Exercise brief:
Retrieve every line from the records in which the word "with" occurs.

Entries shown:
------------------------------------------------------------------------
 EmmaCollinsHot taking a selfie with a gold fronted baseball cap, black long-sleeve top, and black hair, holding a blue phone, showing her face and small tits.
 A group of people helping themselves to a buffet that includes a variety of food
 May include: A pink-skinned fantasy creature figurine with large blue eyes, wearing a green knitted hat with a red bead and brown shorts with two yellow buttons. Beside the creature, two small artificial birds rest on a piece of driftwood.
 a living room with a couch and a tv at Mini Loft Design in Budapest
------------------------------------------------------------------------
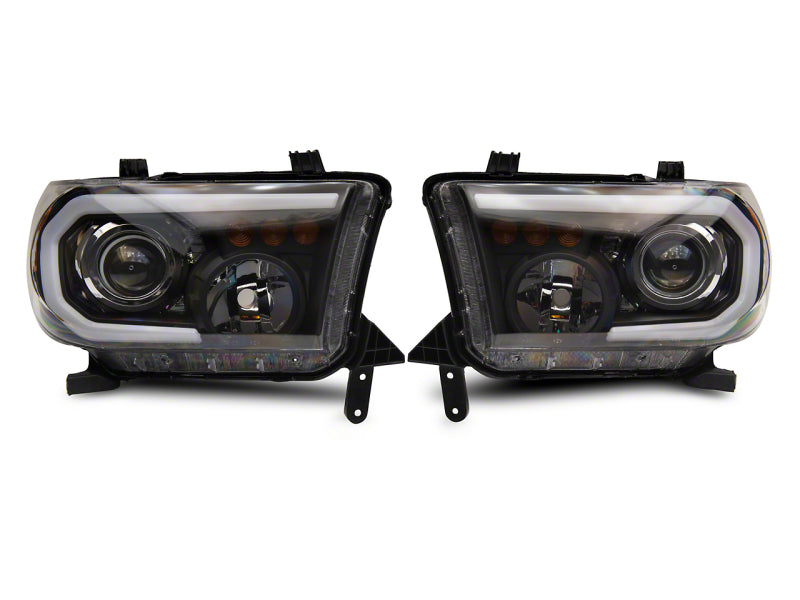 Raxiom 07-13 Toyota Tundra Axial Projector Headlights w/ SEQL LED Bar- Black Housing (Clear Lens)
------------------------------------------------------------------------
Output below:
 EmmaCollinsHot taking a selfie with a gold fronted baseball cap, black long-sleeve top, and black hair, holding a blue phone, showing her face and small tits.
 May include: A pink-skinned fantasy creature figurine with large blue eyes, wearing a green knitted hat with a red bead and brown shorts with two yellow buttons. Beside the creature, two small artificial birds rest on a piece of driftwood.
 a living room with a couch and a tv at Mini Loft Design in Budapest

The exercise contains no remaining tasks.